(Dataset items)
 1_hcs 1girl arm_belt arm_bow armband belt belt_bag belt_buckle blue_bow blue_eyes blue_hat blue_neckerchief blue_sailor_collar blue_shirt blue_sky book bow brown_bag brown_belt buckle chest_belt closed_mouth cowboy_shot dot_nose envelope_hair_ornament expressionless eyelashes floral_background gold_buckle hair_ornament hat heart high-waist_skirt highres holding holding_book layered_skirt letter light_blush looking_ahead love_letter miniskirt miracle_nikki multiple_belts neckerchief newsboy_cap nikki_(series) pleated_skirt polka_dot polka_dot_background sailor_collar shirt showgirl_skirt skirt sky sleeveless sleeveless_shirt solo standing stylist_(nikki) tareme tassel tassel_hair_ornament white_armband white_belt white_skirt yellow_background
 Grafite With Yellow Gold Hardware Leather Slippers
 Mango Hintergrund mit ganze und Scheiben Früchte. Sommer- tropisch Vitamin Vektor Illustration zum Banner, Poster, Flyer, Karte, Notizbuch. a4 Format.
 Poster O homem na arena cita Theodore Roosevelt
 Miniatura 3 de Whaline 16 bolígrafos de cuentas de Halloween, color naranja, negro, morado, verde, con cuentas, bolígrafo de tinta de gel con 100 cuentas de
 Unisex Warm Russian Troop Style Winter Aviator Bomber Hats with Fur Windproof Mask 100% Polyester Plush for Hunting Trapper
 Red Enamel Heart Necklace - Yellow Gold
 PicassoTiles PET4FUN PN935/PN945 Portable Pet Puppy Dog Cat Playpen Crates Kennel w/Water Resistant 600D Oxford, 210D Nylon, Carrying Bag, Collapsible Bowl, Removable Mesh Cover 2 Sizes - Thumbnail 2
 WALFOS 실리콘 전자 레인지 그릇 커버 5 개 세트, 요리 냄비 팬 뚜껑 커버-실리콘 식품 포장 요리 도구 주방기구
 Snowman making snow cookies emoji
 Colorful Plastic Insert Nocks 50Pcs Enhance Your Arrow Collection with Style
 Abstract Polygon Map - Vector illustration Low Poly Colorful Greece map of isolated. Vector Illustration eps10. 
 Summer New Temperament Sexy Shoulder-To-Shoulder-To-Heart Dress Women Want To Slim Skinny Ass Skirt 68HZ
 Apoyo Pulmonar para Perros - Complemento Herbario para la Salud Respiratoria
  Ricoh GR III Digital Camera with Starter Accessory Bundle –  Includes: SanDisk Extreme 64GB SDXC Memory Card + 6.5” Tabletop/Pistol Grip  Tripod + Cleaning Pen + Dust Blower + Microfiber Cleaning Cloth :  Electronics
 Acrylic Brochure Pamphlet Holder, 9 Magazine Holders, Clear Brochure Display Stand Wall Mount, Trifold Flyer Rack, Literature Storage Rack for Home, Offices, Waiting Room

▶ _What the task requires_
Line by line, output the data precisely as shown above.

▶ _Response below_
 1_hcs 1girl arm_belt arm_bow armband belt belt_bag belt_buckle blue_bow blue_eyes blue_hat blue_neckerchief blue_sailor_collar blue_shirt blue_sky book bow brown_bag brown_belt buckle chest_belt closed_mouth cowboy_shot dot_nose envelope_hair_ornament expressionless eyelashes floral_background gold_buckle hair_ornament hat heart high-waist_skirt highres holding holding_book layered_skirt letter light_blush looking_ahead love_letter miniskirt miracle_nikki multiple_belts neckerchief newsboy_cap nikki_(series) pleated_skirt polka_dot polka_dot_background sailor_collar shirt showgirl_skirt skirt sky sleeveless sleeveless_shirt solo standing stylist_(nikki) tareme tassel tassel_hair_ornament white_armband white_belt white_skirt yellow_background
 Grafite With Yellow Gold Hardware Leather Slippers
 Mango Hintergrund mit ganze und Scheiben Früchte. Sommer- tropisch Vitamin Vektor Illustration zum Banner, Poster, Flyer, Karte, Notizbuch. a4 Format.
 Poster O homem na arena cita Theodore Roosevelt
 Miniatura 3 de Whaline 16 bolígrafos de cuentas de Halloween, color naranja, negro, morado, verde, con cuentas, bolígrafo de tinta de gel con 100 cuentas de
 Unisex Warm Russian Troop Style Winter Aviator Bomber Hats with Fur Windproof Mask 100% Polyester Plush for Hunting Trapper
 Red Enamel Heart Necklace - Yellow Gold
 PicassoTiles PET4FUN PN935/PN945 Portable Pet Puppy Dog Cat Playpen Crates Kennel w/Water Resistant 600D Oxford, 210D Nylon, Carrying Bag, Collapsible Bowl, Removable Mesh Cover 2 Sizes - Thumbnail 2
 WALFOS 실리콘 전자 레인지 그릇 커버 5 개 세트, 요리 냄비 팬 뚜껑 커버-실리콘 식품 포장 요리 도구 주방기구
 Snowman making snow cookies emoji
 Colorful Plastic Insert Nocks 50Pcs Enhance Your Arrow Collection with Style
 Abstract Polygon Map - Vector illustration Low Poly Colorful Greece map of isolated. Vector Illustration eps10. 
 Summer New Temperament Sexy Shoulder-To-Shoulder-To-Heart Dress Women Want To Slim Skinny Ass Skirt 68HZ
 Apoyo Pulmonar para Perros - Complemento Herbario para la Salud Respiratoria
  Ricoh GR III Digital Camera with Starter Accessory Bundle –  Includes: SanDisk Extreme 64GB SDXC Memory Card + 6.5” Tabletop/Pistol Grip  Tripod + Cleaning Pen + Dust Blower + Microfiber Cleaning Cloth :  Electronics
 Acrylic Brochure Pamphlet Holder, 9 Magazine Holders, Clear Brochure Display Stand Wall Mount, Trifold Flyer Rack, Literature Storage Rack for Home, Offices, Waiting Room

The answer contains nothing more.